It was hard to tell, what with all the drops sloughing off the trees, whether the rain had actually stopped, but Koko and I decided to venture out nonetheless this morning. The day was just starting to arrive via a pale spot in the east and two rivers ran silver along either side of the road. A gust of chilly north wind caused me to shiver, despite my fleece vest.
But I’m not complaining. I love this cool, wet weather, especially when it’s interspersed, as it was yesterday, with sunny skies and glassy windward water broken by big surf with rainbow-infused spray blowing off the back of the waves.
I took advantage of a similar break in the heavy rain to drop by Lepeuli (Larsen’s) Beach on my way back from the North Shore late one recent afternoon, and happened to encounter rancher Bruce Laymon chatting in the parking lot with Thomas Ka`iukapu, the state wildlife manager, who had been called out to check on the albatross that nest there.
I asked Bruce if he was still planning to run a fence along the posts that had been erected parallel to the walkway that leads to the public trailhead, and thus block off the so-called lateral access that runs through the nonprofit Waioli Corp. land that he leases for his cattle. He is, and when I inquired as to whether he thought the fence might be breached or vandalized, he replied that if it were, it would be very clear to the police that people were engaged in trespassing and criminal property damage.
Then Bruce proceeded to tell me of the many encounters he’s had — including one just prior to my arrival — with some of the regular beachgoers who are opposed to his fencing plan. The most recent apparently involved a video camera and a guy getting in his face and an exchange of angry words and other ugliness that I was glad I had not witnessed, because who wants to see that kind of drama when you’re going to the beach?
He told me of how he’d been threatened and insulted and the subject of falsehoods printed in the local newspaper, and people had called the cops on him and were continually reporting him to the state and county about alleged contrived offenses. Then he got into how one woman was throwing trash his crew had picked up back into the bushes and a group of naked men had approached his son to ask if he feared them and how other beachgoers tried to antagonize his crew in hopes of provoking a fight, so now he never sent any of his workers down there alone, or without a camera.
He said the FBI had even come to his house after hearing complaints that he was a racist and had been engaged in unspecified hate crimes, but the agents were surprised to learn not only that Bruce’s father is a haole, but haoles even come to his house. Indeed, two showed up while the agents were there.

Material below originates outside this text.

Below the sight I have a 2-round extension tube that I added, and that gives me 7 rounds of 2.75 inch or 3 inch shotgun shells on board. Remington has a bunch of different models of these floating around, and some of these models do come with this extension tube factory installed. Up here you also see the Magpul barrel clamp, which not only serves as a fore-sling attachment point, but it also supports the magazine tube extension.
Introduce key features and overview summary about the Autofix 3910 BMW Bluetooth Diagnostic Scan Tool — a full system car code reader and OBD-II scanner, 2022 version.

Now Bruce is not an especially sympathetic character, and by no stretch of the imagination could be termed an ambassador of aloha, but as he recounted some of what has gone down this past year, and given what I know about the complexities of the situation and the distortions, if not outright deceptions, perpetrated by some of those opposed to his fencing project, I couldn’t help but think, good grief, how can we bring an end to this hostility?
Bruce was wrapping up what had turned into a rather lengthy rant/vent when two friends of mine drove up, local boys, both Hawaiians, who had come to do a little fishing, seeing as how the conditions were so good.

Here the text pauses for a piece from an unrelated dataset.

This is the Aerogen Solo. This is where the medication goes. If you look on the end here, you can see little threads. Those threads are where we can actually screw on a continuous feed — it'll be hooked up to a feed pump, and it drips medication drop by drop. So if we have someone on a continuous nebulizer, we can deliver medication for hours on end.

They didn’t know Bruce, but they knew about the conflict over the fence and felt it overblown, because, as they said, we still will have access and anyway, they said, they had no problem making it a little bit harder for folks to get down to the beach, seeing as how it was often dangerous and the site of many drownings and a place where monk seals like to lie on the sand.

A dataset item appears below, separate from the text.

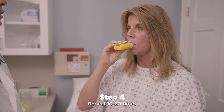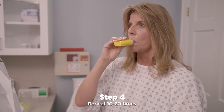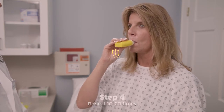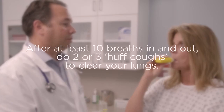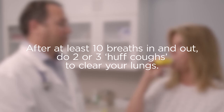Keep taking very slow, deep breaths in and forceful breaths out through the Pocket PEP for 10 to 20 times. Your healthcare practitioner may tell you the number of breaths they want you to take. After at least 10 breaths in and out, do two or three huff coughs to clear your lungs.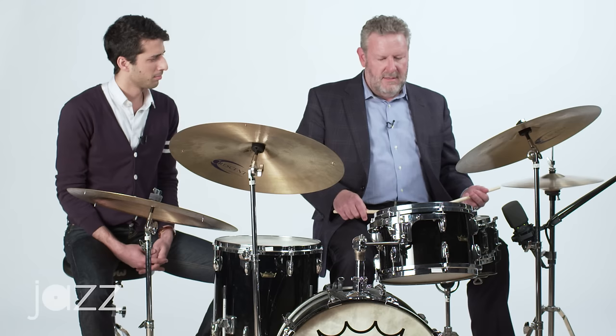What I like to do is take the rudiment — the ratamacue — which is a ruff, which is two grace notes and a stroke, and then a triplet.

Besides, one noted, “Sometimes get so many people down there, it’s hard for even fish.”
Lest anyone forget, as I knew from previous research and as Thomas, during a brief pause in Bruce’s diatribe, had pointed out, Waioli initially gave the county access across its land from Koolau Road in response to a request from fishermen who wanted a shorter route to the beach and reef, which is prized for both its fishing and limu.
So perhaps it's a just a little bit ironic that the fishermen are now disturbed by the growing crowds of people, whose numbers unfortunately seem to have increased since the cry went out to "protect and save" this wild beach.
My friends and I were about to venture down the trail when another guy I know came up from the beach, carrying a bag filled with plastic flotsam and jetsam he’d collected, and he asked if I’d heard what had gone down earlier, and I said I had, and he shook his head and said that it was a personal thing now for Bruce; he no longer cared about the land, he just wanted to have things his way.
And I couldn’t help but wonder if the same couldn’t also be said for those who oppose him because what they really want, and what all the talk about protecting the resources serves so righteously to obscure, is to continue walking down to the beach in the most convenient and effortless way.